DATA EXCERPT:
◇ ◇ ◇ ◇ ◇

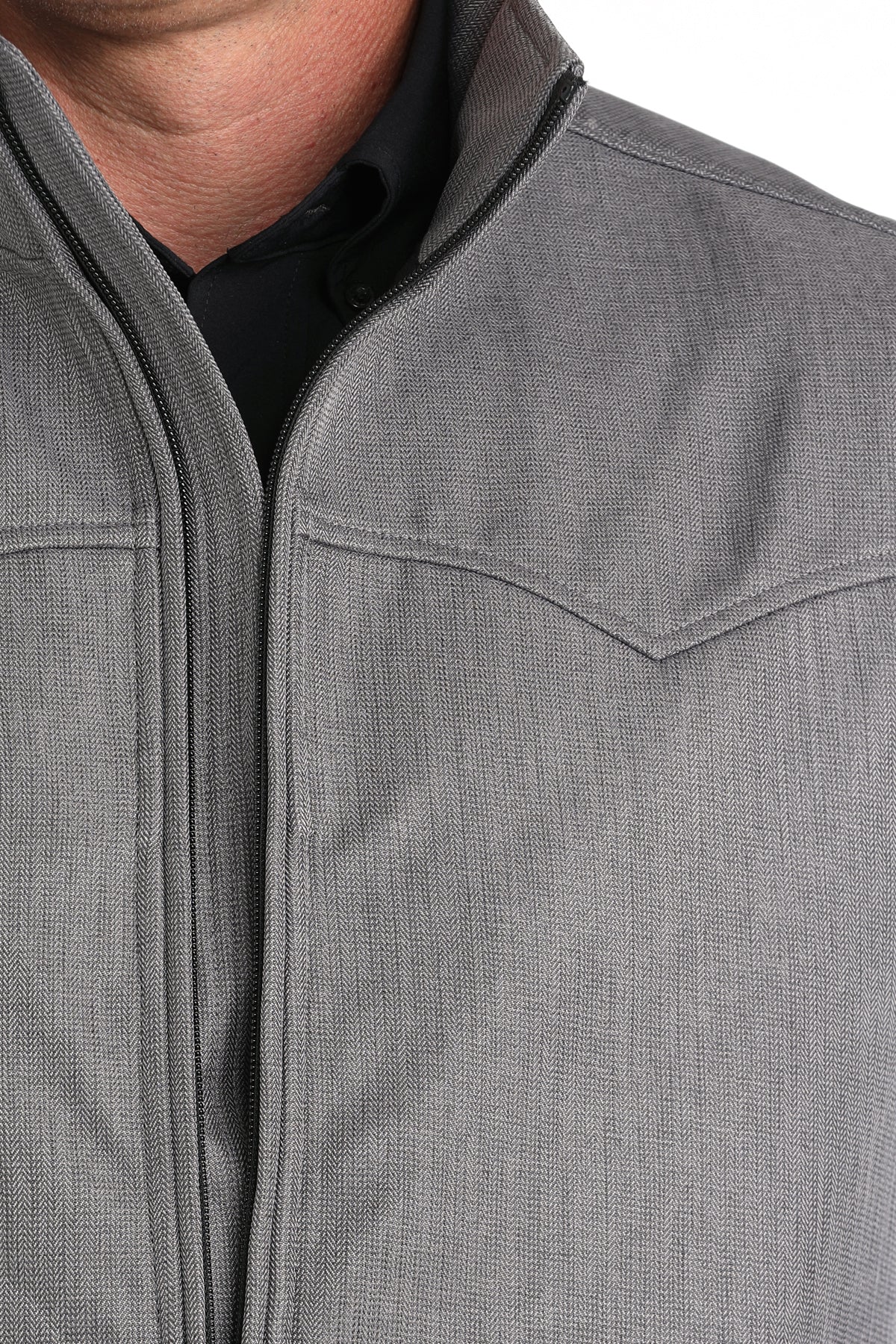 Close-up of a man wearing a gray vest with a back undershirt 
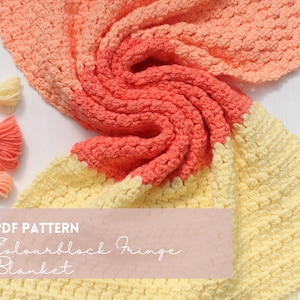 Puede incluir: Una manta de crochet con un patrón de bloques de color en amarillo y naranja. La manta tiene un borde de flecos y está hecha con un punto texturizado. El texto "PDF PATTERN Colourblock Fringe Blanket" está en un rectángulo rosa.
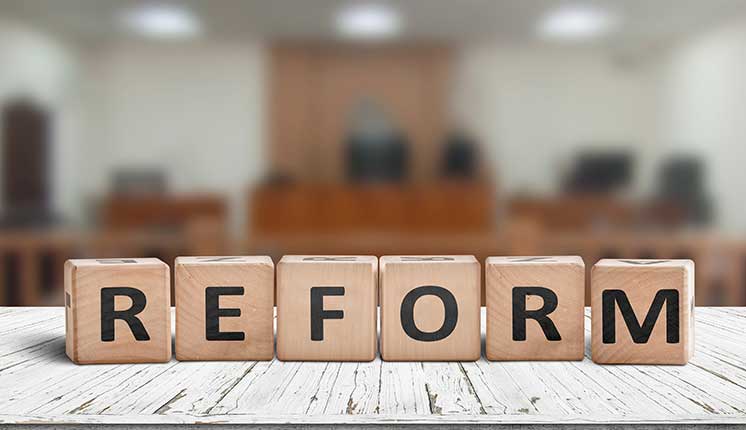 wooden blocks with letters on them set in front of a blurred background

◇ ◇ ◇ ◇ ◇

WHAT YOU SHOULD DO: Line by line, return the listing above exactly, dropping every picture.

SOLUTION BELOW:
 Close-up of a man wearing a gray vest with a back undershirt 
 Puede incluir: Una manta de crochet con un patrón de bloques de color en amarillo y naranja. La manta tiene un borde de flecos y está hecha con un punto texturizado. El texto "PDF PATTERN Colourblock Fringe Blanket" está en un rectángulo rosa.
 wooden blocks with letters on them set in front of a blurred background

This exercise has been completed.